Ponce, sin embargo, no tiene que hacer nada para que la insulten: ser mujer y no esconderlo es suficiente. La odian por nacer, básicamente, y no son pocos los comentarios que le desean la muerte. A una minoría cuya tasa de suicidio rompe cualquier estadística; a un colectivo en el que, sólo en América Latina, entre suicidios y asesinatos el 80% de las mujeres trans no pasa de los 35 años.
Si en ese odio hay una reacción tan exagerada es, entre otras cosas, porque Ponce desfila como modelo, ejemplo de un tipo universal de belleza de consumo masivo; la modelo ocupa un lugar, toma posesión de un territorio vedado. Mucha gente que no consiente que la llamen tránsfoba dice respetar (“tolerar”) a los transexuales, pero lo hace siempre que se acomoden al marco reconocible que les presuponen, desde la prostitución hasta las drogas, incluida la depresión o el suicidio. Del mismo modo que una indígena es tolerable precisamente en el papel que interpreta en la película de Cuarón, como empleada de hogar, pero saltan todas las alarmas cuando se quita el mandilón y se va para Vogue a vestirse de Dior en la portada. Ahí empieza el drama.

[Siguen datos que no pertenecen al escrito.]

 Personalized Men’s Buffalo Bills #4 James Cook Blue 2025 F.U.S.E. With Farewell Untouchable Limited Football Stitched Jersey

No se tolera una raza determinada o un género concreto, cuando se tolera. Lo que se tolera es que ocupen un espacio que se cree reservado específicamente para ellos, de la misma manera que a un inmigrante se le exige “bondad” y “agradecimiento” porque sólo faltaría. Esa igualdad que se propone, la misma que está a punto de ser fuerza parlamentaria en España, la de todos en su sitio y familia la de siempre, consiste en que todo siga igual.